The corner of my mouth tipped up. “You play football and talk about self-preservation.”

“I take very good care of myself.” Those arresting eyes twinkled. “Certain parts most especially.”

Delicately tracing the scrapes on his hand, I said, “I can see that.”

I could also see how the hairs on his forearm stood to attention when I touched his skin. Interesting.

Glancing down at where I continued to explore his battle wounds, he grinned. “I’ve been told I have nice—hands.”

“You’re a funny guy, Wyatt Baxter.” Signaling the bartender, I reached for my purse. “Thanks again for making my otherwise shitty day better.”

“Wait. You’re leaving?” The crestfallen expression on his face cracked me up. Pulling his phone from his back pocket, he checked the time. “It’s only ten.” Waggling his brows, he said, “You have hours before you turn into a pumpkin, Cinderella.”

“Ha. Ha,” I wrinkled my nose at him. “I have a nine o’clock lab, and I don’t want to repeat today’s fiasco.”

Covering my hand holding my debit card, he sobered. “Hey, I got this.” When I raised a brow, he added, “No strings. No expectations.”

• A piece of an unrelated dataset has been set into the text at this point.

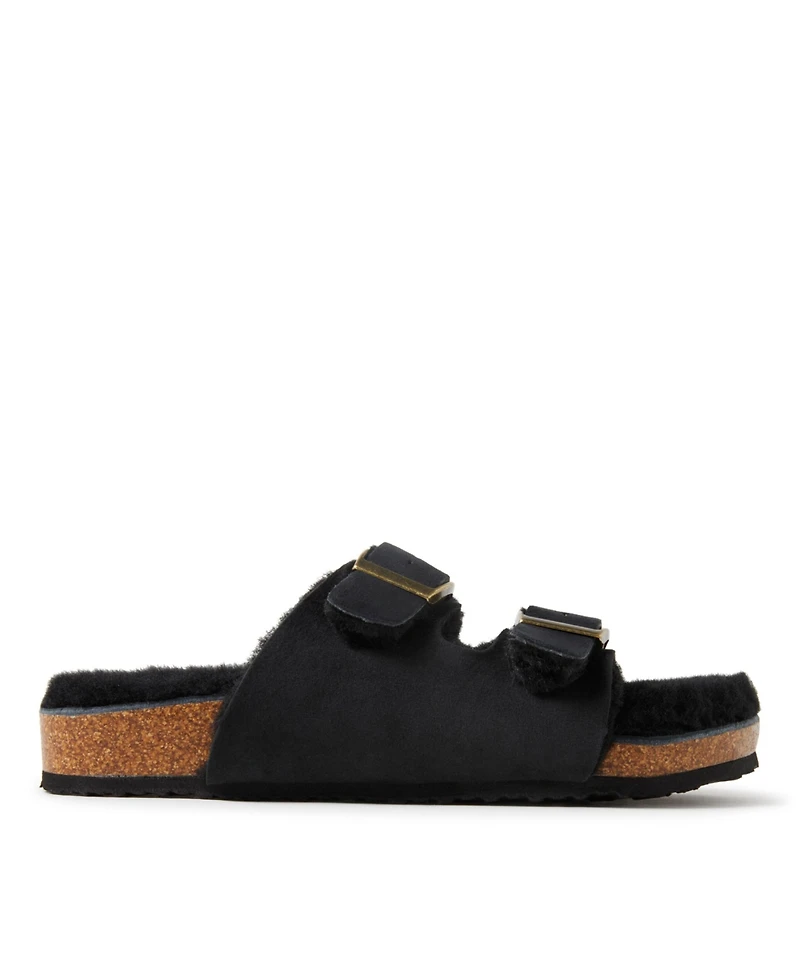 Fireside by Dearfoams Women's Tamworth Genuine Shearling Double Band Sandal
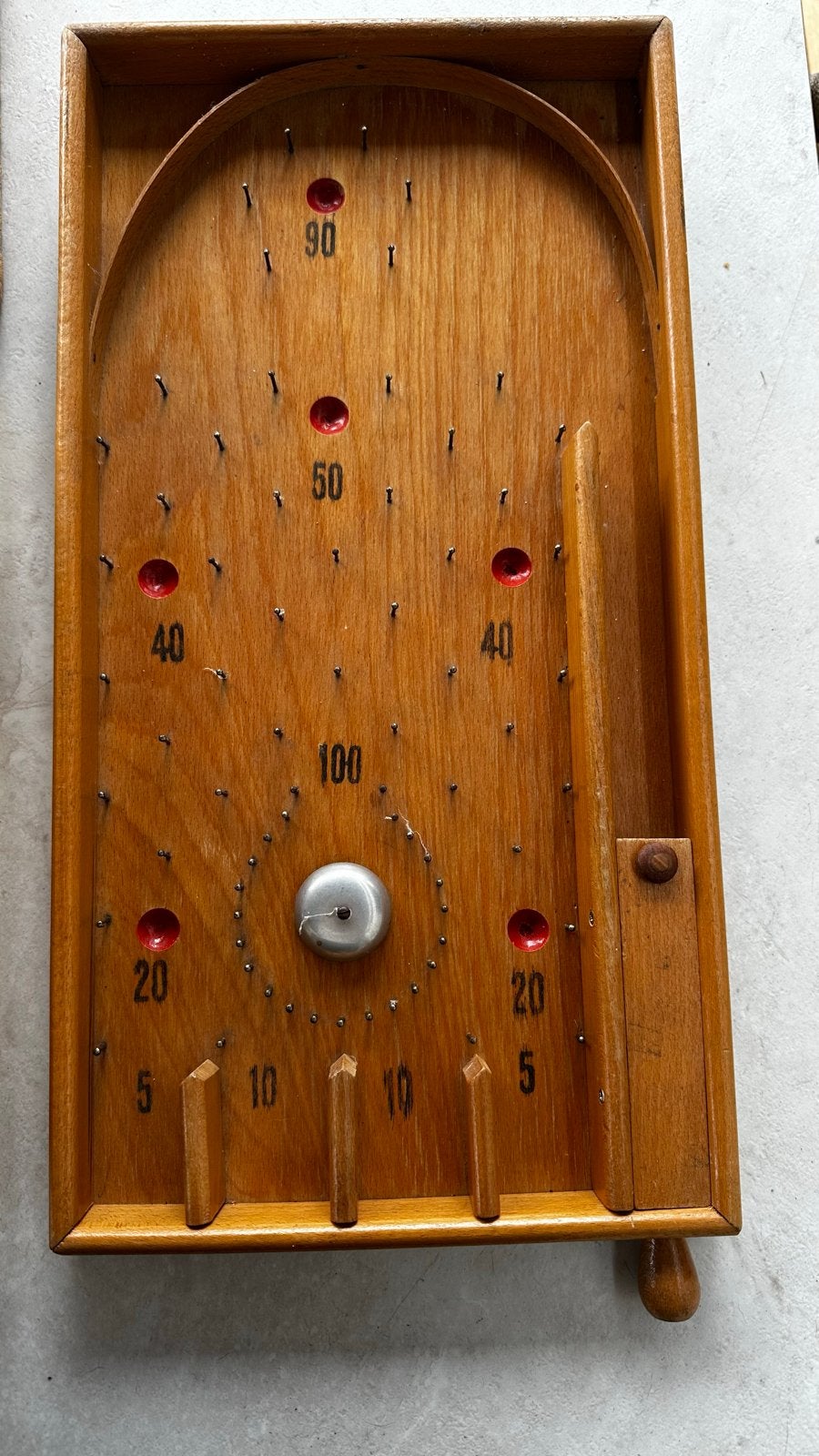 Vintage houten sjoelbak / flipperkast, Ophalen, Gebruikt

He fished his wallet from the front pocket of his jeans. Beneath his touch, I relaxed, the gentle pressure of his hand more reassuring than commanding. The bartender’s eyes darted between us, then he offered his card reader to Wyatt who paid our tab.

“Entertaining and generous.” I smiled as I slid off my stool and held out my hand. “It truly was nice to meet you.”

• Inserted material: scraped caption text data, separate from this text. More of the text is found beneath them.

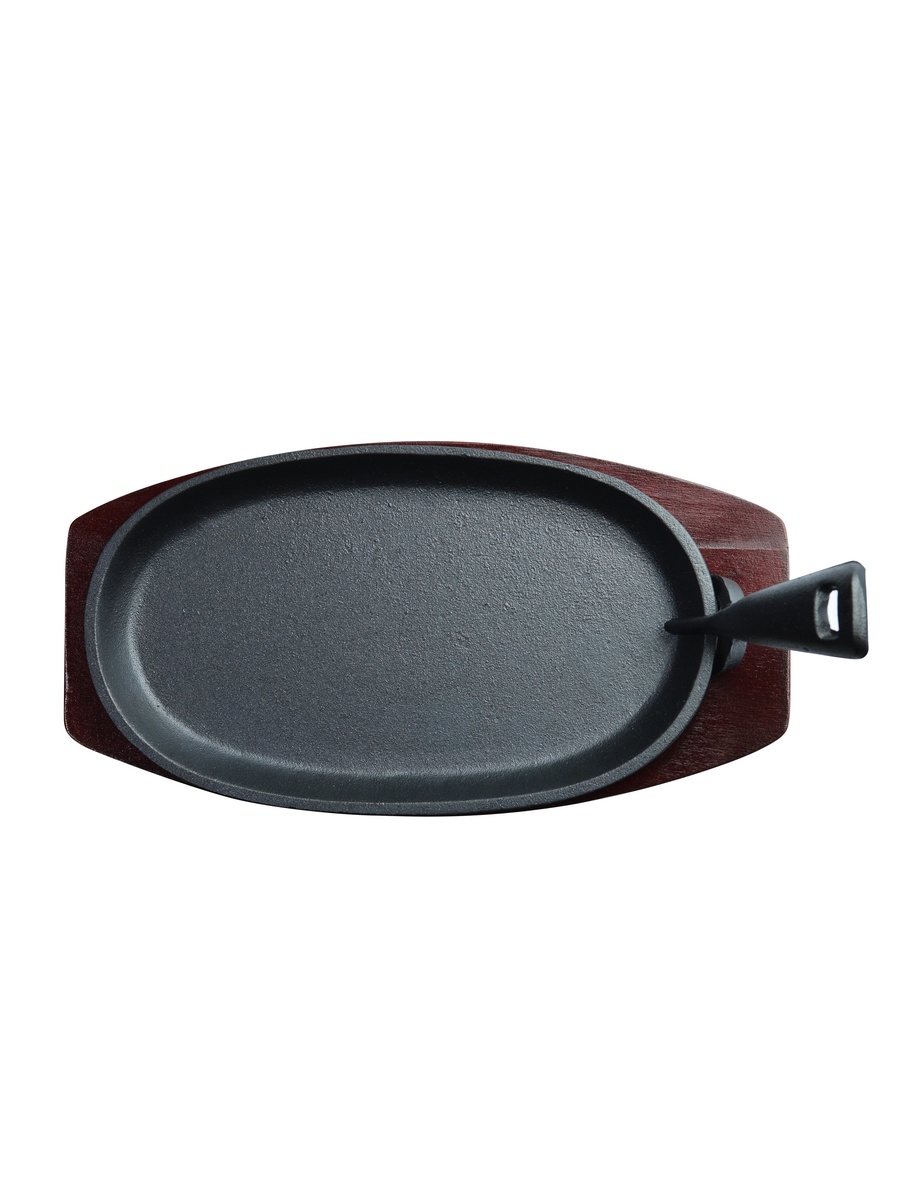 Oval Sizzler Tray Small with Holder, 24x14Cm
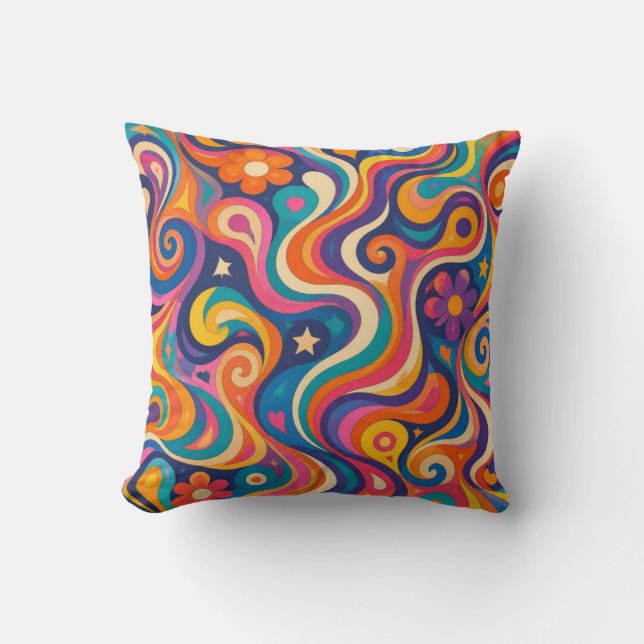 Retro Groovy psychedelisches Wirbelmuster Kissen (Vorderseite)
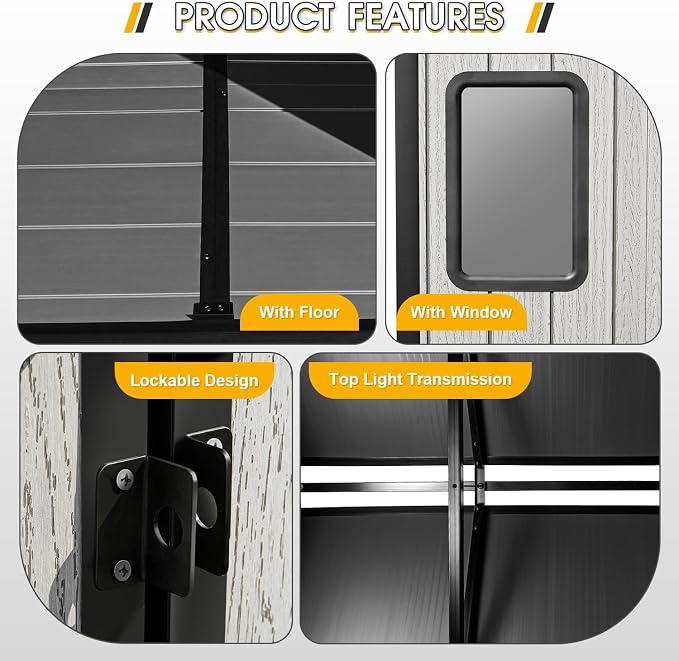 8 x 8 FT Plastic Storage Shed, All-Weather Resin Tool Shed - Image 8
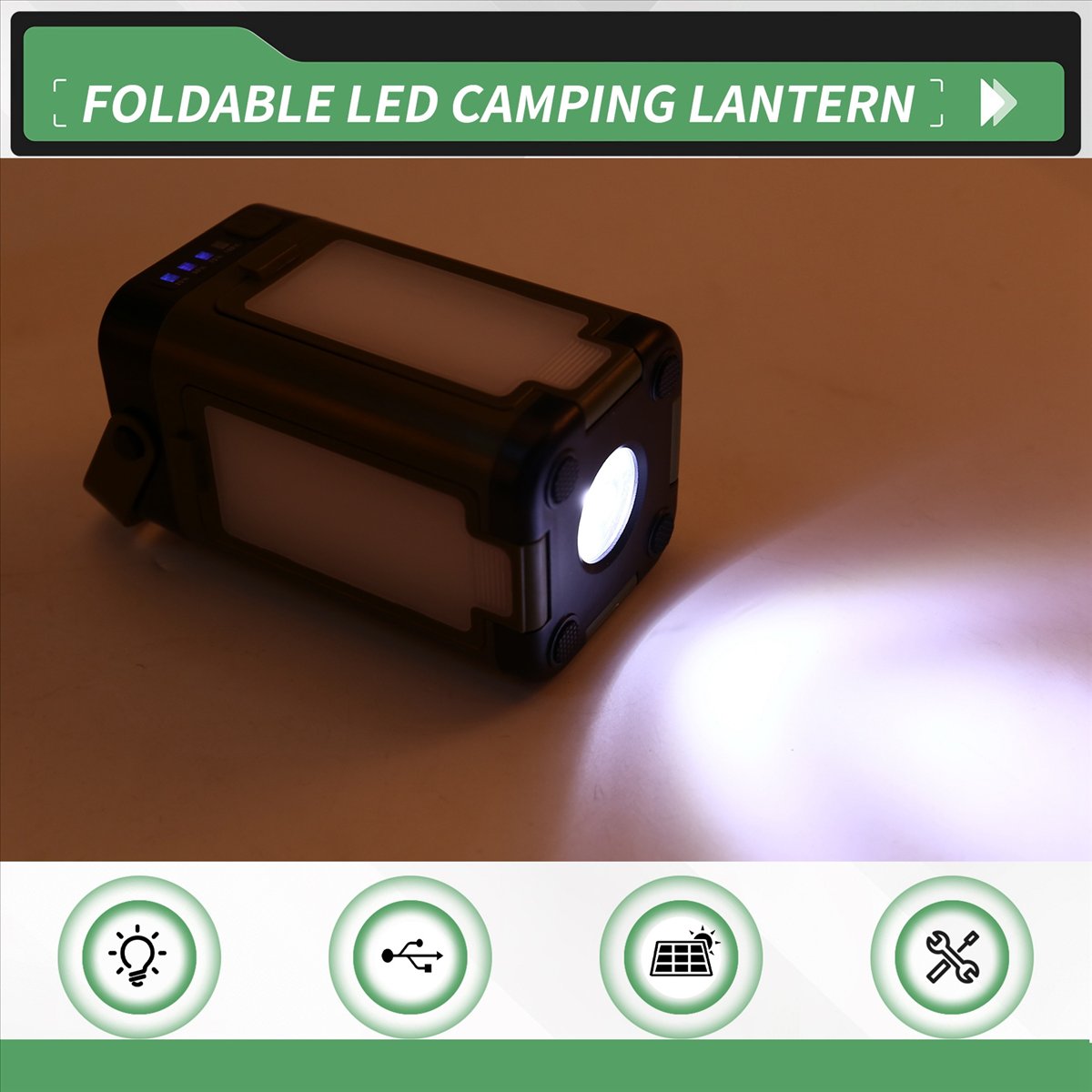 Power Outage Light - X08A 접이식 LED 캠핑 랜턴 태양열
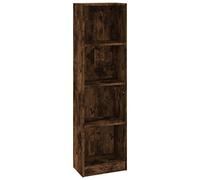 Vidaxl Bibliothèque 4 Niveaux Chêne Fumé 40x24x143cm Bois D'ingénierie Marron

His eyes held mine even closer than our palms touching as we shook hands, and a frission of heat arced through me to throb between my thighs.

Slowly, reluctantly, he let me go. “How ’bout I walk you to your car?”

“Sure. Thanks,” popped out of my mouth before I had time to think about it.

Of course, if I thought about it, I’d have to admit my intense attraction to this guy. The heat radiating from his hand on the small of my back puckered my nipples and pulsed my core as we walked out to the parking lot. After The Fuckery, I had no intention of becoming involved with anyone any time soon, but as we neared my car, I decided I wouldn’t be opposed to a hook up with superhot football player.